GIVEN INFORMATION ▸
_____
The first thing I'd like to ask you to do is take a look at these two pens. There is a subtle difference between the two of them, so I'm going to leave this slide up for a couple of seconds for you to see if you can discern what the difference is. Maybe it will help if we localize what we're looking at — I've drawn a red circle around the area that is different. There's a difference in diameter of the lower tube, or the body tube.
_____
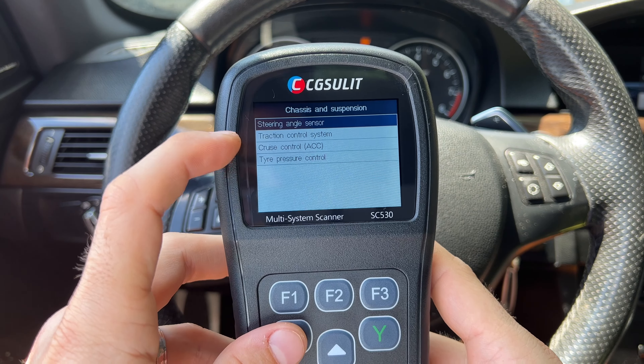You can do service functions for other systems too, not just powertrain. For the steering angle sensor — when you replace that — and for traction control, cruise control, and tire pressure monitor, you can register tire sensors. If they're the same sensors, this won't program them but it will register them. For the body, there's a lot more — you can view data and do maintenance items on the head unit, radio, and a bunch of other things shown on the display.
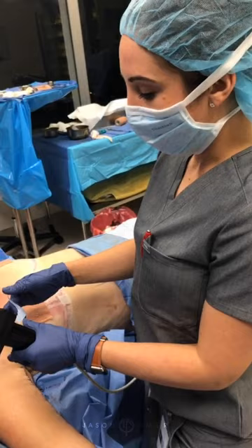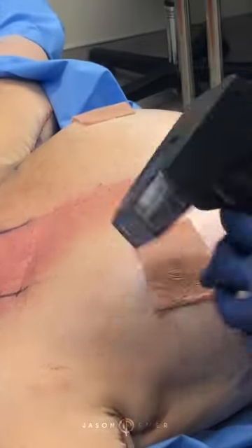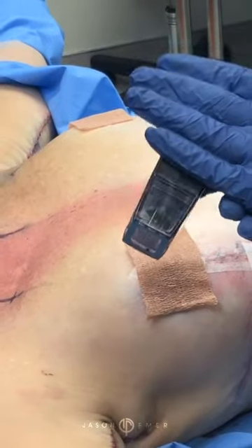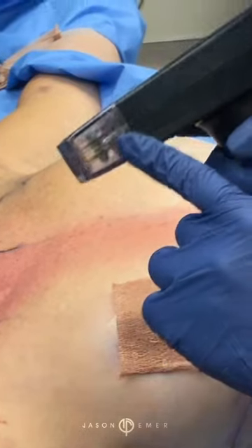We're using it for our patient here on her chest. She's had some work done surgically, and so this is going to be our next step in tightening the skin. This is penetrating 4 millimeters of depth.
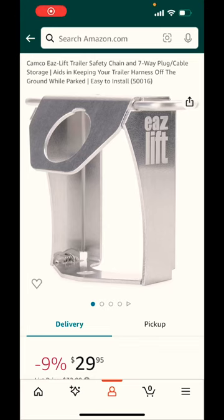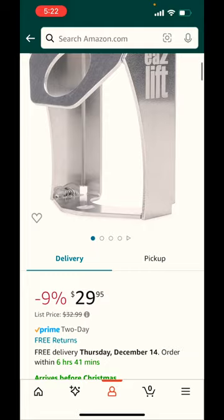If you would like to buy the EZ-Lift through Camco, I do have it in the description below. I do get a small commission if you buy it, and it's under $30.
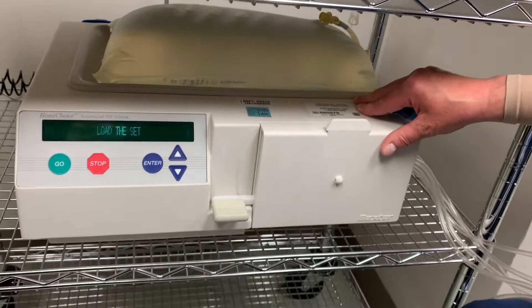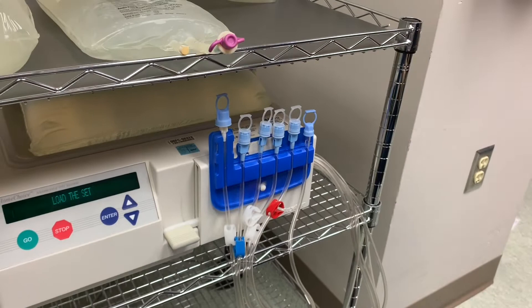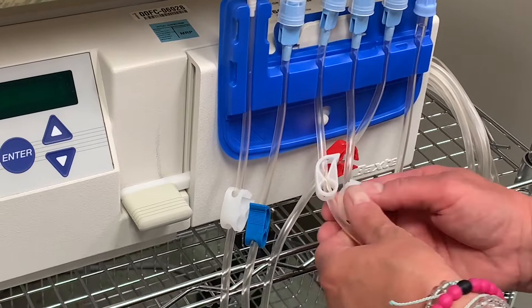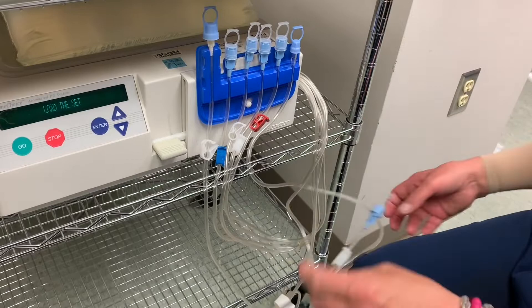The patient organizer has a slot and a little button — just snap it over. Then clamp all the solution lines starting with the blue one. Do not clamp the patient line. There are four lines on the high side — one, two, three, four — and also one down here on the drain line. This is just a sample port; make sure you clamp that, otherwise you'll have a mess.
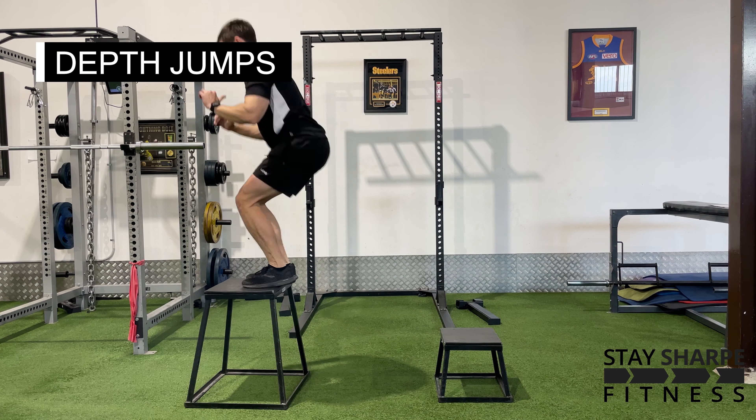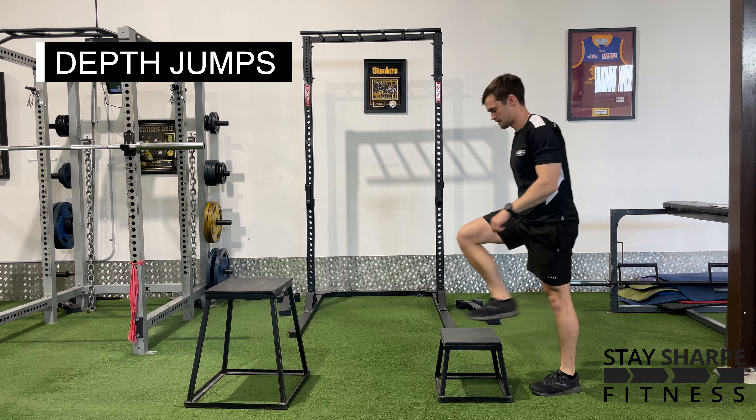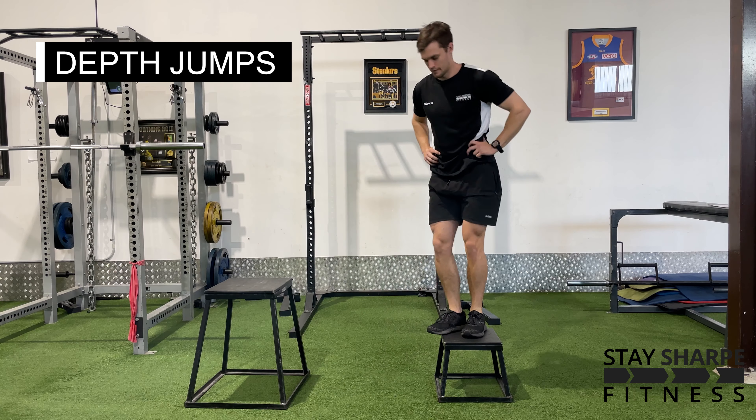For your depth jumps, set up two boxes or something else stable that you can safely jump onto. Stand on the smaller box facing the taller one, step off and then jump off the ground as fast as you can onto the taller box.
_____
WORK TO BE COMPLETED ▸ Set the pictures aside and reproduce exactly the lines above, from the line holding "If you would" through the line holding "For your depth", both included, with nothing else.

TASK OUTPUT ▸
If you would like to buy the EZ-Lift through Camco, I do have it in the description below. I do get a small commission if you buy it, and it's under $30.
The patient organizer has a slot and a little button — just snap it over. Then clamp all the solution lines starting with the blue one. Do not clamp the patient line. There are four lines on the high side — one, two, three, four — and also one down here on the drain line. This is just a sample port; make sure you clamp that, otherwise you'll have a mess.
For your depth jumps, set up two boxes or something else stable that you can safely jump onto. Stand on the smaller box facing the taller one, step off and then jump off the ground as fast as you can onto the taller box.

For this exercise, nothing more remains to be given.